There was a President's Day Storm in 1979 – blame Carter – which dumped 20” of snow in Harrisburg. I was living in New York City at the time where we had something similar, bringing the whole city to a complete standstill. As I recall, even the subways were closed. Another President's Day Storm in 2003 – blame Bush – dropped almost 27” on parts of the mid-state over a period of three days.
Curiously, I have no real recollection of this one.
There's one memory I can't match to a storm, maybe one of the mid'90s ones. The Sunday evening engineer got stuck overnight at the radio station and pulled a 24-hour air-shift until I was able to get in to relieve him (I have no idea why they couldn't get someone else in before then). A non-music person, he had to deal with almost a whole day's worth of classical music announcing, trying to pronounce names he had never seen before. I was finally able to get out of my house and into the station by 2pm, taking the board until 1 or 2am after he'd been rested up and took the overnight shift until the next day's crew was able to get back on schedule. That may well be why I don't remember much of that storm...
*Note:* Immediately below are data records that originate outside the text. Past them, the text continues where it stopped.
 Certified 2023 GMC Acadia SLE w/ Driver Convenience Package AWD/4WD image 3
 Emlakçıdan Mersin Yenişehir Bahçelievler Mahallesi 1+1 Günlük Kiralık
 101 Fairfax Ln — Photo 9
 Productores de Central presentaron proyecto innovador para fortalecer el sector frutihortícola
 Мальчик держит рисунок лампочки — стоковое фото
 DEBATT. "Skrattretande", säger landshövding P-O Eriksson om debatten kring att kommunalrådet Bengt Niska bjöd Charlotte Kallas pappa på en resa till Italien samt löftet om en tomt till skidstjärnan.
Hmmm. President's Day is coming up next Monday – and I see there's a “chance of flurries” in the extended forecast.
I do remember a March snowstorm in 1993, the only big storm of the season, but it dumped some 20+” in Harrisburg. Penn Street, a quaint narrow one-lane alley with fashionable row homes in my neighborhood, was drifted shut from side to side: you could barely tell there were cars parked there, completely hidden by the drifts except for a little bump here and there and the occasional antenna poking out.
In 1983, with that Lincoln's Birthday Blizzard, I didn't have a car to worry about so, basically, I didn't have a care about how much snow there was: it was amazing and it was kind of fun. I was a good bit younger, then, too.
Ten years later, it took me several days till I could get my car dug out – back trouble – and in the 1996 storms, the only parking place I could find was four blocks away from my house. Not fun when you leave work at 1am. That spring, then, a garage just around the corner from my apartment became available and I was able to get it: no more walking four blocks at 1am after a blizzard! Right. So the first snow storm we had brought a snow plow down Penn Street and they piled it... right in front of my garage door! So I had to sheer away a freaping cliff of SEVEN FEET of snow to get my car out of the garage!
Next month, it will be 50 years since I first moved into this house with my parents. We had some bad storms that first winter, too, in 1960-61. I don't recall the number of inches for either of them, but there were two in fairly close succession. And drifting, too – my west-side neighbors are slightly higher than us on our little hill, and the snow would blow down from his driveway and cover ours. I recall his driveway being almost clear. Ours was so deep, once it was plowed, it was like looking down a canyon. You couldn't see the cars going up or down. Walking down for the mail reminded me of that great scene in “The Ten Commandments” when the Israelites crossed the Red Sea: I hoped I would make it back to the house before it would collapse...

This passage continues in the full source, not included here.